1 VPLS Tunnel / multi vlan / 1 Dhcp server

RouterOS Forwarding Protocols
1

Is this best practice?

I have a lab set up with OSPF / MPLS / VPLS / vlans

This lab works great and here is a brief description of how I have this set up.

R1 - Core router
create a vlan 30 and attach to interface of vpls-R1-R2 tunnel
Create the IP subnet and attach to vlan30
Add DHCP server for vlan30

R2
Create create bridge1 and add vpls-r1-r2 and the ether2 ( port connected to the switch)

This works great and the dhcp server assigns ip’s to clients connected to R2 Access points on the switch. Each access points in their own vlan.

Please see attached diagram

In my config I will have a subnet /vlan for each access point at the tower(seperate vlan per AP). I have 4 access points per tower with 9 towers.
That’s a total of 36 subnet with 36 dhcp servers on the core router.
This is great as it helps me separate traffic per AP on the tower.

However, the filter rules to block traffic at layer 3 on the core router is going to be huge. I would like to reduce the number of subnets

In best case scenario i have at most 50 clients at each tower.
So here is my question?
I would prefer to have one Subnet per tower.
I have tried create bridge on the core router and adding all vlans to the bridge and vpls-r1-r2 interface.
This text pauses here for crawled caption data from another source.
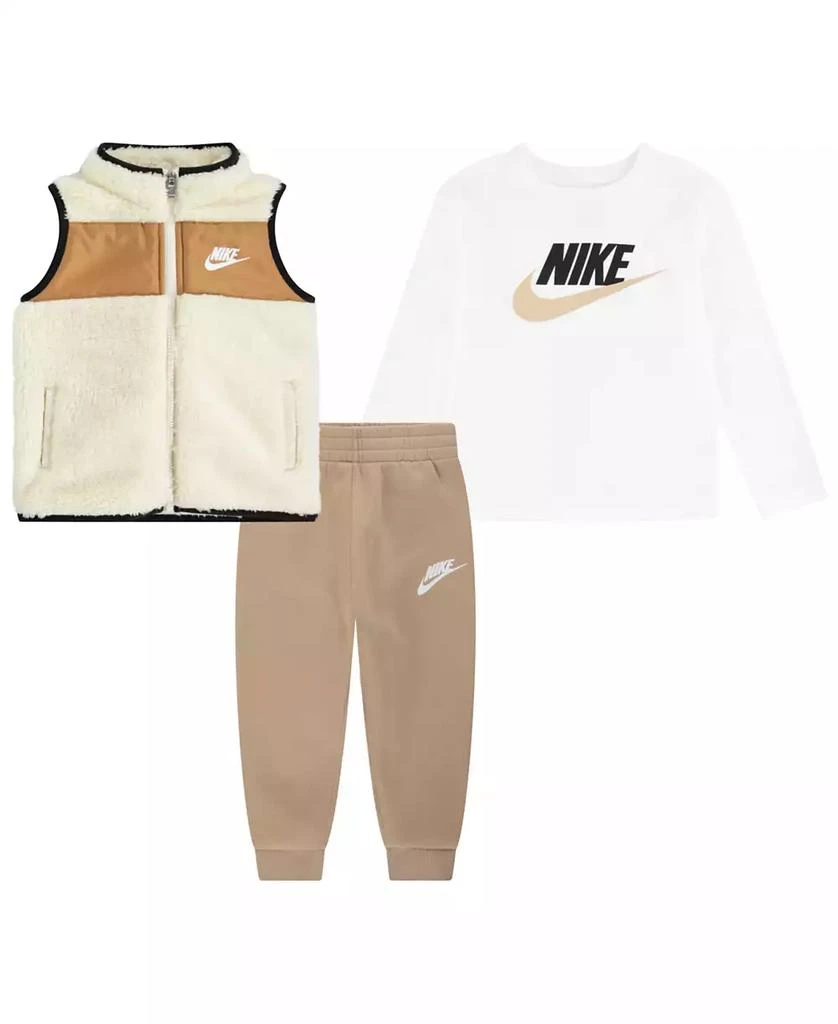 商品NIKE|Sportswear Club Little Boys Vest, Long Sleeve Tee and Pants, 3-Piece Set,价格¥492,第1张图片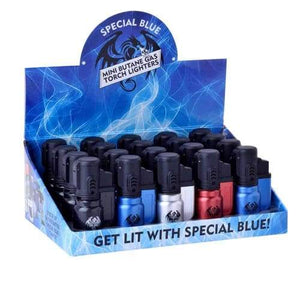 Special Blue Bullet Metal Lighter (20 Count) Display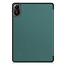 Case2go - Tablet hoes geschikt voor Xiaomi Redmi Pad 2 - 11 Inch - Tri-fold hoes met Auto/Wake functie en Magnetische sluiting - TPU Cover Met Pencil Houder - Donker Groen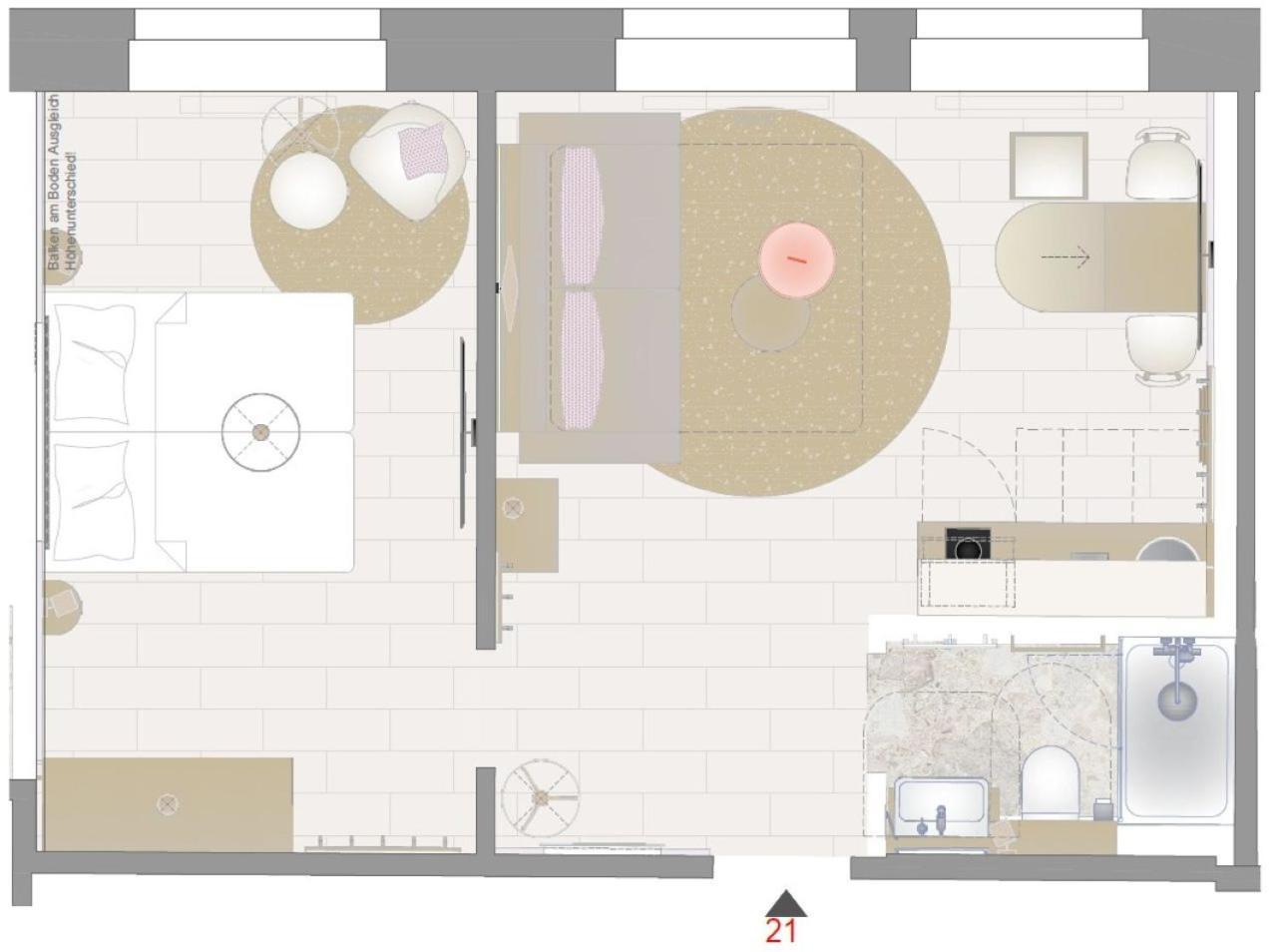 Apartment mit Meerblick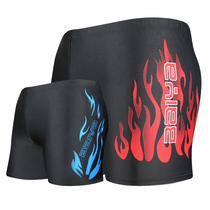 Fashion flame adult mens large size boxer swimming trunks short men swimsuit professional swimming shorts new manufacturers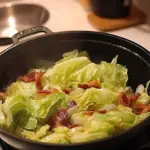 Delicious Homestyle Stir Fried Taiwanese Cabbage with Bacon 9 Homestyle Stir Fried Taiwanese Cabbage with Bacon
Then create dhcp server on the bridge but client dhcp request is not reaching the server.

I appreciate any help and hope someone can understand what I just typed above :slight_smile:
wisp design.jpg

2

Did you tagged the bridge with all these vlans? What interfaces belong to your vlans after bridge created?

3

When creating the vlan i add it to interface bridge1.
I also attach vpls-r1-r2 to bridge1 and vlans

Anumrak - this is where i get confused. -

When creating the vlan - do i add the vlan to interface bridge1?
Then also add attach vlan and vpls-r1-r2 to the bridge?
I have read so much on this subject but can’t find what is the best practice.

4

Yes, you adding interface vlan and vpls in a bridge. But also you need assign an ethernet port to interface vlan! :slight_smile: Each vlan have to belong same ethernet interface or many.

5

Anumrak - I am not engineer by any means but am doing as many labs as I can to improve my knowledge level.

I have it working but want to make sure my setup is OK.

On the core router I have bridge1 with ports vlan30, vlan31, vlan31 and vpls-r1-r2.
It started working when I enable bridge horizon 1 on all ports.

So is it safe to say that stp was blocking traffic on bridge before bridge horizon was enabled.

thanks

6

Filtering, natting and queues should be distributed, core routers should be minimalistic with aggregation functions on dedicated provide edge routers.

7

I think no, because stp rpocess works in a vlan, and your networks are already segmented with defferent vlans. You should’ve check who is root bridge in yout bridge interface in all 3 vlans. Split horizon isolates interfaces for untagged traffic or tagged in the same vlan. You should enable it on all interface which should not be allowed to communicate.